Make an exact copy of all the entries, with the pictures left out.

Brief descriptive captions

·····

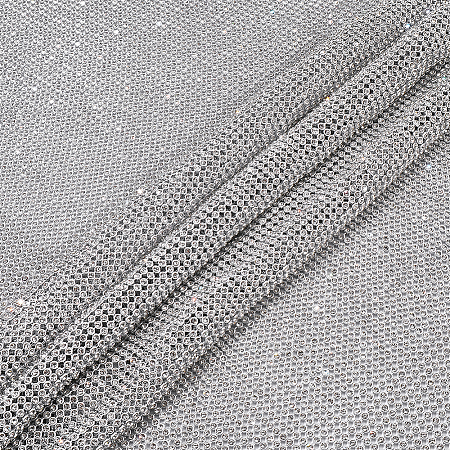 Aluminum Rhinestone Mesh Beaded Trim DIY-WH0750-412A-1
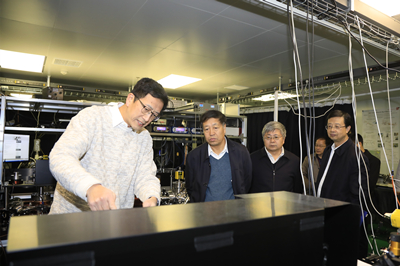 科技部基础研究司副司长郭志伟一行到中国科学技术大学调研试点国家实验室建设工作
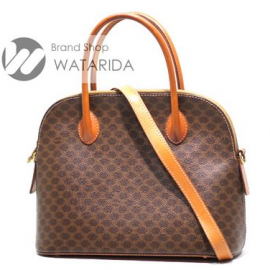 【New arrivals】セリーヌ ヴィンテージ 2WAYマカダムハンドバッグ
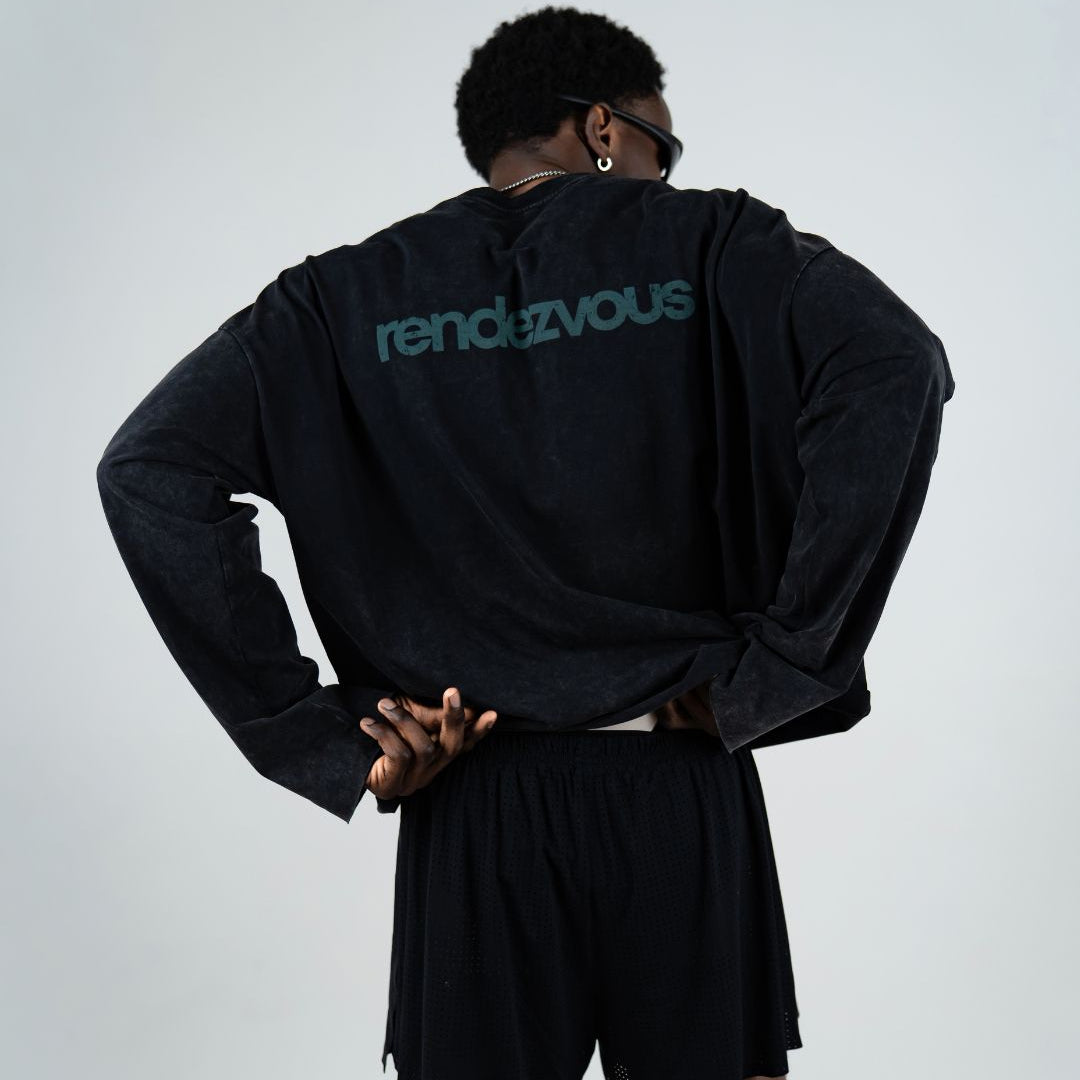 LONG SLEEVE / WASHED BLACK
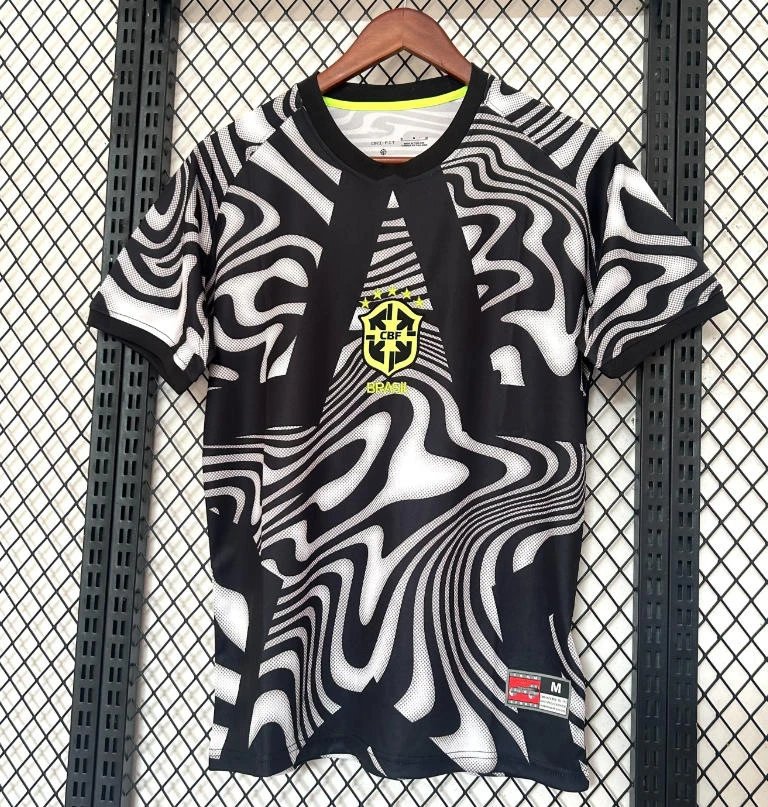 Unbranded Football Jerseys National Team Designs — 2026 Brazilian goalkeeper
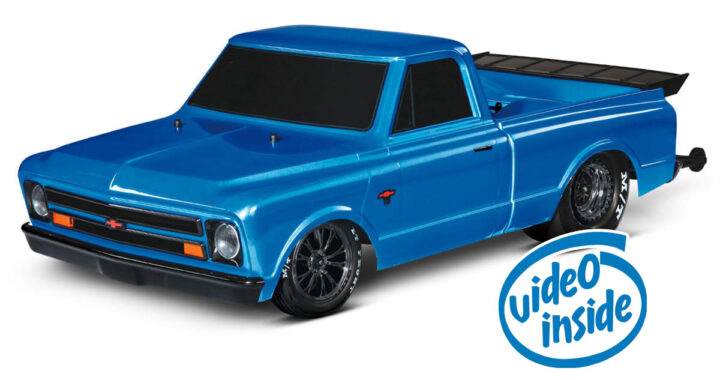 Traxxas Drag Slash HD 1967 Chevrolet C10 No Prep - Blue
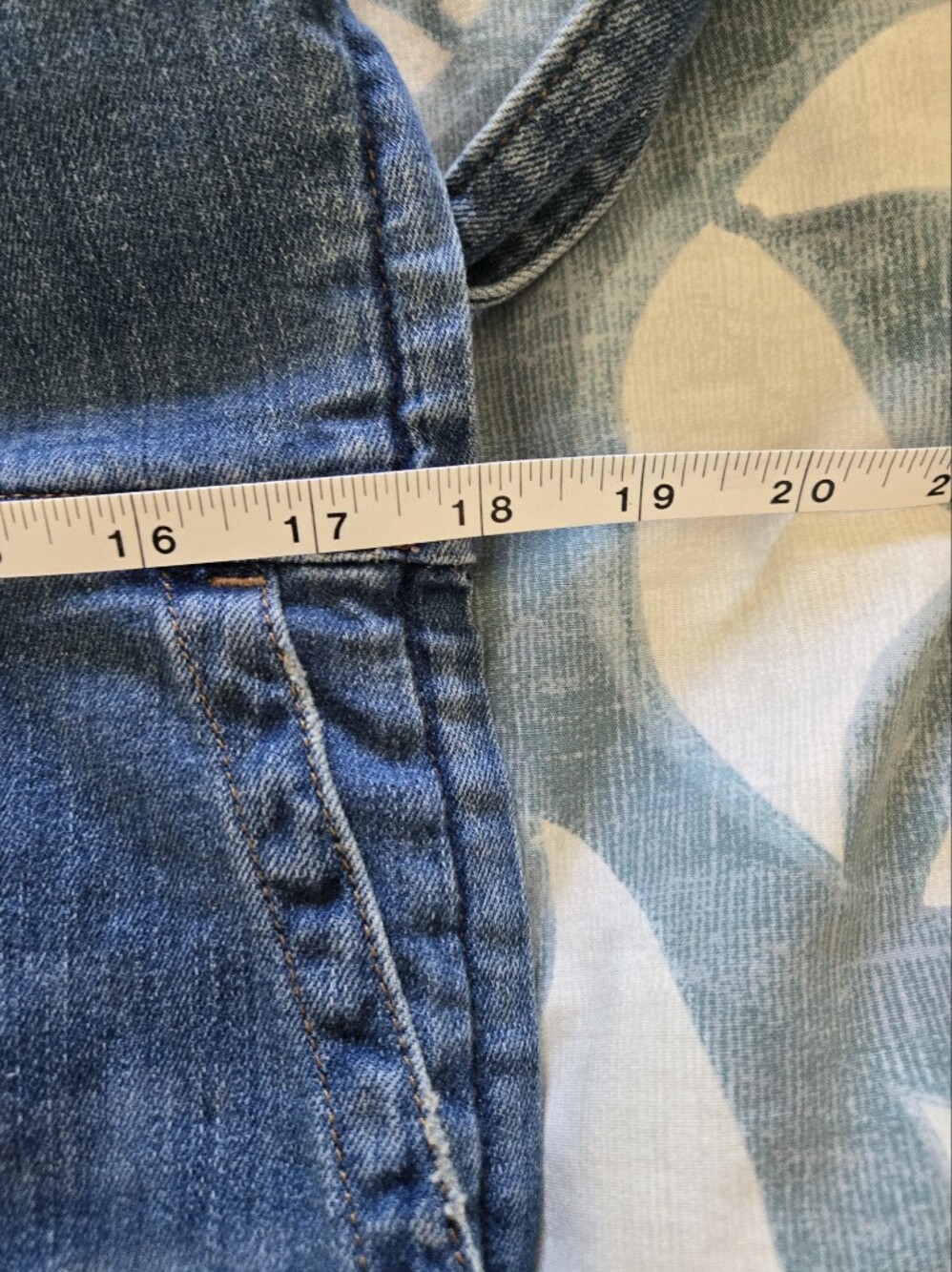 Denim Jumpsuit Overalls with Tie Waist - Blue - Picture 7 of 9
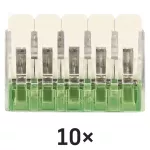 Złączka dźwigniowa boczna 4 mm2, 10 szt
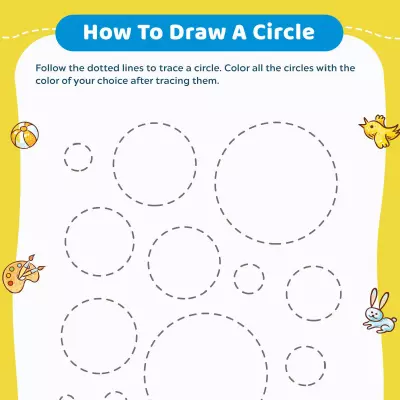 Tracing Worksheets: Trace The Circle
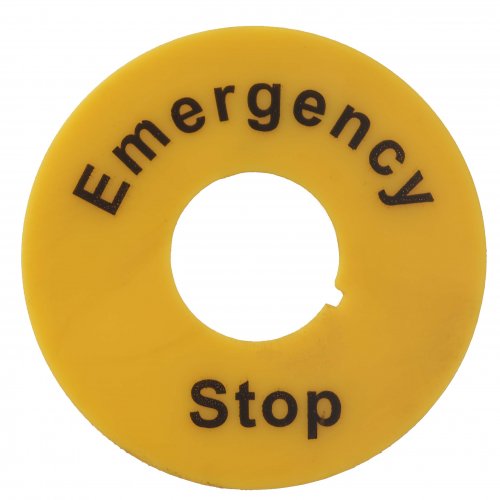 ACİL STOP ETİKETİ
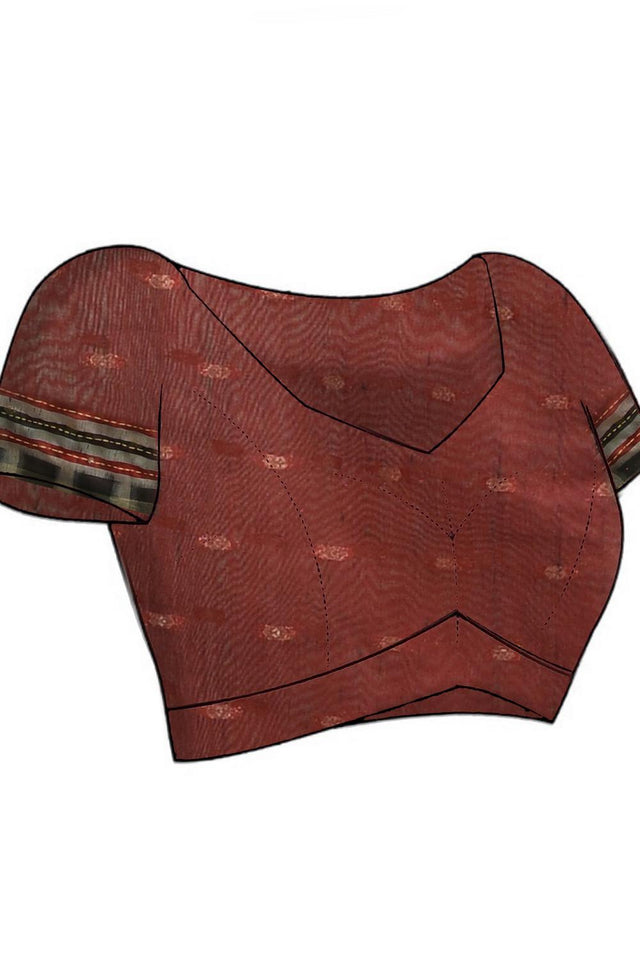 Grey Thread Work Silk Blend Saree (RBMELL6C3833)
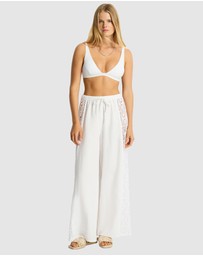 Sea Level Australia - Shore Linen Panelled Beach Pant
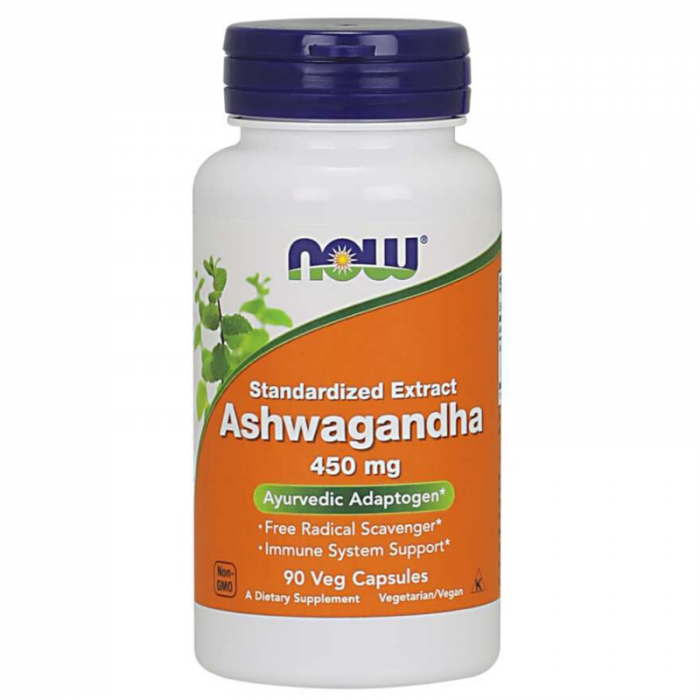 Ashwagandha 450 mg - NOW Foods 180 caps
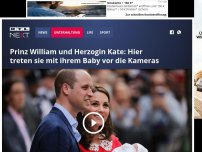 Bild zum Artikel: Prinz William und Herzogin Kate: Erster Auftritt mit ihrem Baby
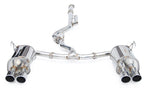 Invidia Q300 Catback Exhaust with Quad Stainless Steel Tips for Subaru WRX 2022+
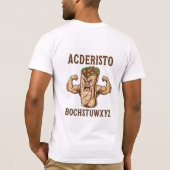 T-shirt Buff Burrito Drôle Conception de Gym (Dos)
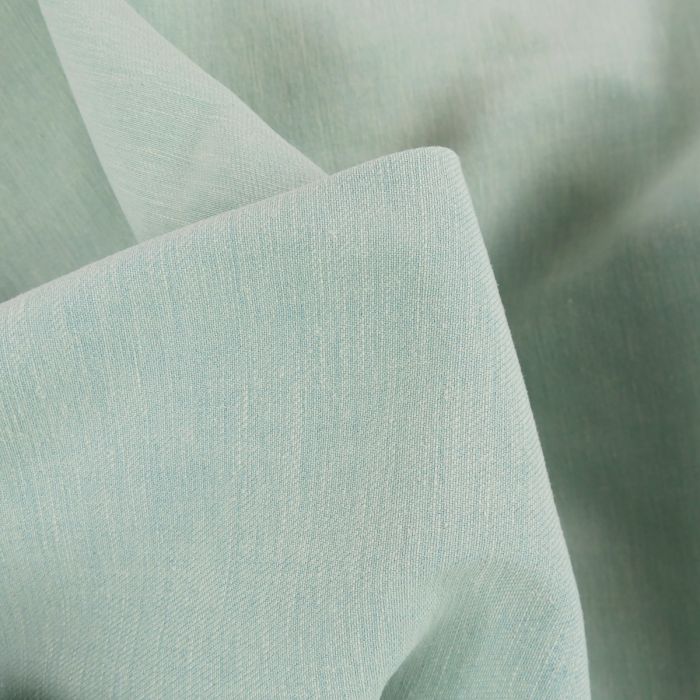 Tissu denim haute couture - vert d'eau x 10 cm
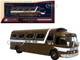 1966 GM PD4107 Buffalo Coach Bus US Army Military Police Destination Fort Dix Vintage Bus Motorcoach Collection 1/87 HO Diecast Model Iconic Replicas 87-0289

·····

§ **SOLUTION**
 Aluminum Rhinestone Mesh Beaded Trim DIY-WH0750-412A-1
 科技部基础研究司副司长郭志伟一行到中国科学技术大学调研试点国家实验室建设工作
 【New arrivals】セリーヌ ヴィンテージ 2WAYマカダムハンドバッグ
 LONG SLEEVE / WASHED BLACK
 Unbranded Football Jerseys National Team Designs — 2026 Brazilian goalkeeper
 Traxxas Drag Slash HD 1967 Chevrolet C10 No Prep - Blue
 Denim Jumpsuit Overalls with Tie Waist - Blue - Picture 7 of 9
 Złączka dźwigniowa boczna 4 mm2, 10 szt
 Tracing Worksheets: Trace The Circle
 ACİL STOP ETİKETİ
 Grey Thread Work Silk Blend Saree (RBMELL6C3833)
 Sea Level Australia - Shore Linen Panelled Beach Pant
 Ashwagandha 450 mg - NOW Foods 180 caps
 Bild zum Artikel: Prinz William und Herzogin Kate: Erster Auftritt mit ihrem Baby
 Invidia Q300 Catback Exhaust with Quad Stainless Steel Tips for Subaru WRX 2022+
 T-shirt Buff Burrito Drôle Conception de Gym (Dos)
 Tissu denim haute couture - vert d'eau x 10 cm
 1966 GM PD4107 Buffalo Coach Bus US Army Military Police Destination Fort Dix Vintage Bus Motorcoach Collection 1/87 HO Diecast Model Iconic Replicas 87-0289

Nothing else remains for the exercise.